- Opening Delimiter -

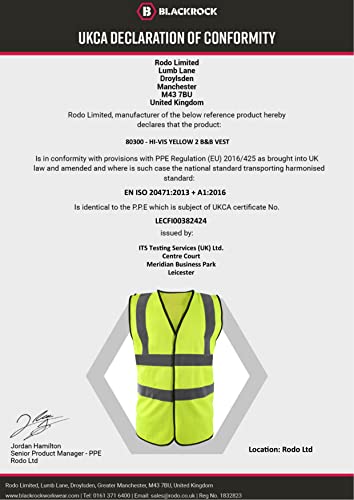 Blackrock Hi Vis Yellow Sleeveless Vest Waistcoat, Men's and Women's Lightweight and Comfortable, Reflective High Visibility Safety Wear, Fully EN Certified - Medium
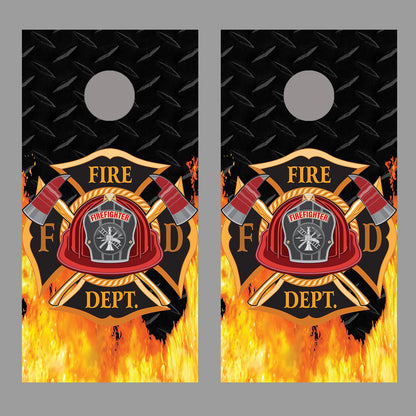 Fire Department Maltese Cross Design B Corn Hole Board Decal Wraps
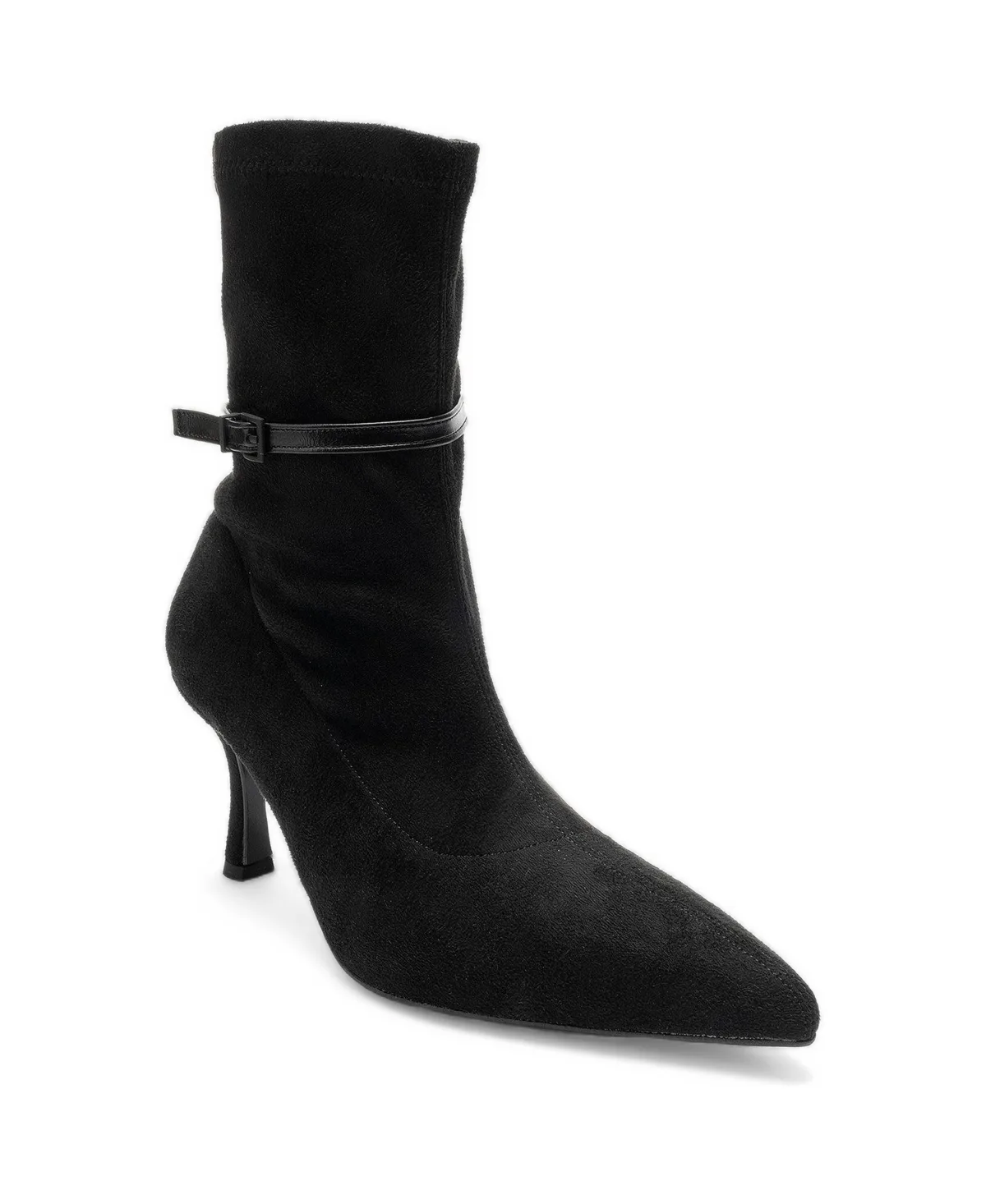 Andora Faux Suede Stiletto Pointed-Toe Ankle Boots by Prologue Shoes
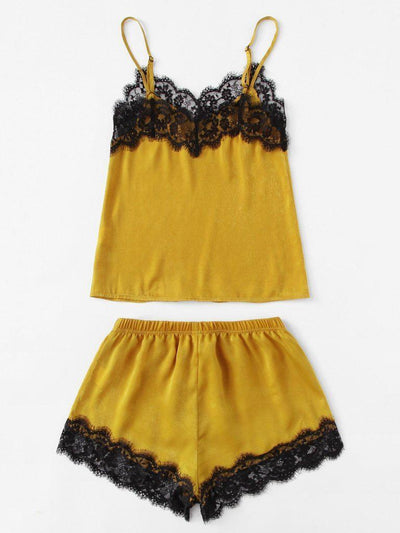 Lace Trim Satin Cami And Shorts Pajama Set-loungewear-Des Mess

- Closing Delimiter -

Exercise requirements
Repeat each line of the listing word for word, from the first through the line that contains "Fire Department Maltese". Any picture stays out.

Exercise response
 Blackrock Hi Vis Yellow Sleeveless Vest Waistcoat, Men's and Women's Lightweight and Comfortable, Reflective High Visibility Safety Wear, Fully EN Certified - Medium
 Fire Department Maltese Cross Design B Corn Hole Board Decal Wraps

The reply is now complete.